3.2.3 Validation de la demande et ouverture d’une période de recueil de dons anonymes
A réception de la demande, un élu du CSE de XXX ainsi qu’une personne du service ressources humaines procèdent à son examen. Ils déterminent notamment le nombre de jours alloués en fonction de la situation dans laquelle se trouve le demandeur et les contraintes d’organisation (en lien avec le chef de service concerné). La réponse est apportée dans un délai maximum de 15 jours. En cas d’urgence, la réponse est donnée dans un délai de 48h. En cas de validation de la demande, si celle-ci nécessite un nombre de jours supérieur au solde disponible dans le fonds de gestion de solidarité, le service ressources humaines adresse aux salariés un avis d’ouverture d’une période de recueil de dons anonymes. Si les dons ne sont pas suffisants, le service ressources humaines peut procéder à l’ouverture d’une nouvelle période de recueil de dons anonymes dans les 15 jours suivants le premier avis.
3.2.4 Formalisation des dons par les salariés
Le salarié qui souhaite donner des jours de repos doit remplir le formulaire de dons de jours de repos en indiquant le nombre de jours cédés ainsi que leur nature. Il doit procéder à son don avant l’échéance de la période de référence des jours cédés, soit entre le 1er juillet N et le 30 juin N+1. Le formulaire complété et signé par le salarié doit être transmis au service ressources humaines qui centralise les dons de jours. Seuls les formulaires adressés dans le délai de 15 jours calendaires suivant l’ouverture de la période de recueil de dons seront pris en compte par le service RH.
3.2.5 Décompte des jours donnés
Les dons sont définitifs : les jours donnés sont considérés comme consommés à la date du don. Le salarié donateur se verra décompter de son solde les heures ou jours cédés. La renonciation aux heures ou jours de repos s’effectue sans contrepartie.
3.2.6 Modalités de prise des jours par le salarié bénéficiaire.
Le service ressources humaines informe le bénéficiaire du nombre d’heures ou de jours dont il peut disposer suite à la période de recueil de dons.
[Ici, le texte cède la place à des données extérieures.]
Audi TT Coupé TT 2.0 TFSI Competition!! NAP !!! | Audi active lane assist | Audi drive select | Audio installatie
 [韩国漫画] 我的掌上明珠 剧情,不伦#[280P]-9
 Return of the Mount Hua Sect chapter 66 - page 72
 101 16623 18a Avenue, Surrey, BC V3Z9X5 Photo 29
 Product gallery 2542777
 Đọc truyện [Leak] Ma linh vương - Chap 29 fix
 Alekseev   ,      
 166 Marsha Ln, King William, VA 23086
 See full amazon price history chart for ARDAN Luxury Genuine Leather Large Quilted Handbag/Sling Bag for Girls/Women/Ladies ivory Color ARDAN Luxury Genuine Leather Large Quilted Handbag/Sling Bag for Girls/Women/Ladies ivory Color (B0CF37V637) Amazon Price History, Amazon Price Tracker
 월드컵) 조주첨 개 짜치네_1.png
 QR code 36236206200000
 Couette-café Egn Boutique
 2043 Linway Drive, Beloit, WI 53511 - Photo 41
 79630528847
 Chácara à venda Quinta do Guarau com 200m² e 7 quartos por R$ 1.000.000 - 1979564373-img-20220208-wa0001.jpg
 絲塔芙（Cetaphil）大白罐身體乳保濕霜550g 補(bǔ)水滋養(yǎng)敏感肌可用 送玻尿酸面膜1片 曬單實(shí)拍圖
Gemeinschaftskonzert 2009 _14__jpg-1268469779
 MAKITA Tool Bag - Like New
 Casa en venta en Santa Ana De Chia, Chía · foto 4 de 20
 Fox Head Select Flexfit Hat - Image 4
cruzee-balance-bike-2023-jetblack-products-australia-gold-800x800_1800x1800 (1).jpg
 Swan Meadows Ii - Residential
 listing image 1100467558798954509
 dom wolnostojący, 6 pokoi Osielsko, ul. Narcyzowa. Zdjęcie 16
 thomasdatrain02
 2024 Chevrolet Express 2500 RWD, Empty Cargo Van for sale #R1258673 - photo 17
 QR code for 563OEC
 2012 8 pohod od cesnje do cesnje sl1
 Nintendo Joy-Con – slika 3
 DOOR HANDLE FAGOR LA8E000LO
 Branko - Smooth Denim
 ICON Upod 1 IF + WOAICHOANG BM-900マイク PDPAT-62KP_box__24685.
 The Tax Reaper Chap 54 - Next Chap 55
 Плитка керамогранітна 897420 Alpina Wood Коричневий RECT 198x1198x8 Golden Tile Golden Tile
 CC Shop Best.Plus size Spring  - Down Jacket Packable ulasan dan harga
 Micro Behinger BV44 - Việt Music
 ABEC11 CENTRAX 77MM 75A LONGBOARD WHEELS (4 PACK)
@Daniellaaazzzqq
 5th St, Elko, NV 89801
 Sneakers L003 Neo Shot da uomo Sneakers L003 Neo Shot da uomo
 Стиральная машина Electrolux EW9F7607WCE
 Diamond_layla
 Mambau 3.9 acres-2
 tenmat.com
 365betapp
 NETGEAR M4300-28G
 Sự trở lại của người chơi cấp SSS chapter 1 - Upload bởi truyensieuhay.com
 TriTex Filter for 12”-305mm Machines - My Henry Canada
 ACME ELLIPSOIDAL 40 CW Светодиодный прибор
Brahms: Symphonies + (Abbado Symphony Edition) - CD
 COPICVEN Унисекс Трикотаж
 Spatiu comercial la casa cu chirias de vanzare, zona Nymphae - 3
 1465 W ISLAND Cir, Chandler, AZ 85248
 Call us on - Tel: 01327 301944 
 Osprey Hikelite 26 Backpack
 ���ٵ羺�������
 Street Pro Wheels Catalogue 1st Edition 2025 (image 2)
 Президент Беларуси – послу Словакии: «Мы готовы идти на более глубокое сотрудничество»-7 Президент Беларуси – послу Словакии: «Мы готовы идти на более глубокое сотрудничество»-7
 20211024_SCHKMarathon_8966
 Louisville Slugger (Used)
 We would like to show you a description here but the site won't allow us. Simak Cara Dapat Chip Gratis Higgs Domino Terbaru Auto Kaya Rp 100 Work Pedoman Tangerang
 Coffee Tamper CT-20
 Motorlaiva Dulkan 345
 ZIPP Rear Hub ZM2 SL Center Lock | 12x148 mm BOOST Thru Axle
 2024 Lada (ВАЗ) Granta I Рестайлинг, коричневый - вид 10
Le salarié doit confirmer la prise de jours donnés au plus tard 48h avant son absence. Les jours peuvent être pris de façon non consécutive, par journée entière ou par demi-journée, pendant la totalité de la période des soins de la personne aidée. Pendant la période d’absence au titre du don de jours, le salarié bénéficie du maintien de sa rémunération dans la limite du nombre de jours donnés effectivement pris.
3.2.7 Valeur financière du don
L’employeur accepte de prendre à sa charge les éventuelles différences de valeurs financières d’un jour donné suivant la rémunération de chacun des salariés concernés.
3.2.8 Abondement de l’entreprise
XXX peut abonder.
3.2.9 Sort des jours donnés excédentaires
Les jours ne seront en aucun cas restitués au salarié donateur. Ils viennent créditer le fonds de solidarité pluriannuel. .
Article 4 : Dépôt de l’accord
Cet accord sera déposé, à la DDETSPP : Direction Départementale de l'Emploi, du Travail, des Solidarités et de la Protection des Populations, par l’intermédiaire de la plateforme de Téléaccords.